Set down the data again exactly. Pictures are not part of the copy.

=======

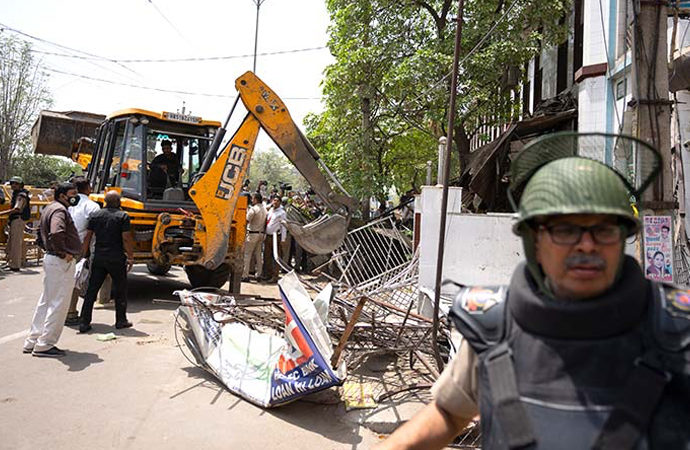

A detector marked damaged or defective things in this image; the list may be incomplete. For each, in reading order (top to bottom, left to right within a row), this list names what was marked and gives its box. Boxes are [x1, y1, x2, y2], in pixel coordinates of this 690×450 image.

torn banner [173, 270, 342, 408]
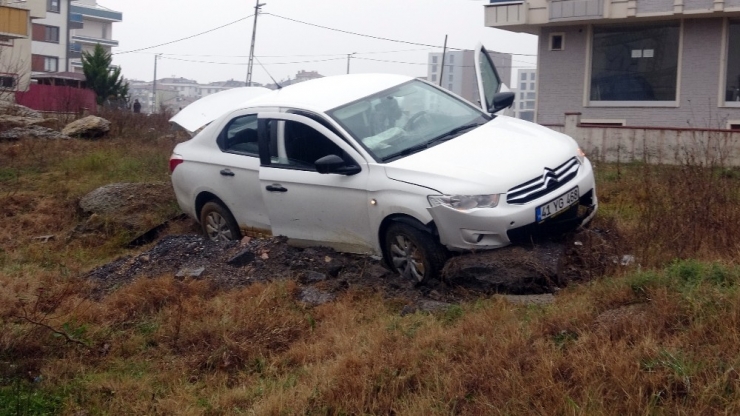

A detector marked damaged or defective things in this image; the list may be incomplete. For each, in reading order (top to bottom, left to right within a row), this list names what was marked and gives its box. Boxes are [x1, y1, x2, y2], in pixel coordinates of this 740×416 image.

damaged white sedan [168, 45, 596, 282]
damaged front bumper [428, 159, 596, 250]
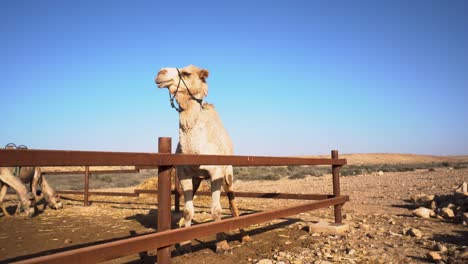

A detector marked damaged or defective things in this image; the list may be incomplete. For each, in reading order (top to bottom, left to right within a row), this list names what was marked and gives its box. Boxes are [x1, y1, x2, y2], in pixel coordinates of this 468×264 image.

rusty metal fence [0, 137, 350, 264]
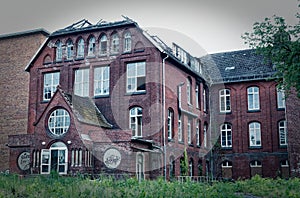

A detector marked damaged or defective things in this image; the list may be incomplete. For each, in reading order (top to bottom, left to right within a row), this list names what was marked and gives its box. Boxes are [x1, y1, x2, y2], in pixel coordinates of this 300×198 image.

damaged roof [202, 49, 276, 84]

=======

EXERCISE SOLUTION.
A detector marked damaged or defective things in this image; the list may be incomplete. For each, in reading order (top to bottom, left to right within a row), this list names what was marked and gives its box. Boxes are [x1, y1, x2, y2], in pixel coordinates of this 690×450 image.

torn banner [173, 270, 342, 408]

A detector marked damaged or defective things in this image; the list may be incomplete. For each, in reading order (top to bottom, left to right within a row), this list names what was marked and gives its box. Boxes are [x1, y1, x2, y2], in pixel coordinates of this 740×416 image.

damaged white sedan [168, 45, 596, 282]
damaged front bumper [428, 159, 596, 250]

A detector marked damaged or defective things in this image; the list may be incomplete. For each, in reading order (top to bottom, left to right within a row), this list names what was marked and gives its box. Boxes are [x1, y1, x2, y2], in pixel coordinates of this 468×264 image.

rusty metal fence [0, 137, 350, 264]

A detector marked damaged or defective things in this image; the list may be incomplete. For each, in reading order (top to bottom, left to right within a row), this list names what was marked and gives its box. Boxes are [x1, y1, x2, y2], in pixel coordinates of this 300×198 image.

damaged roof [202, 49, 276, 84]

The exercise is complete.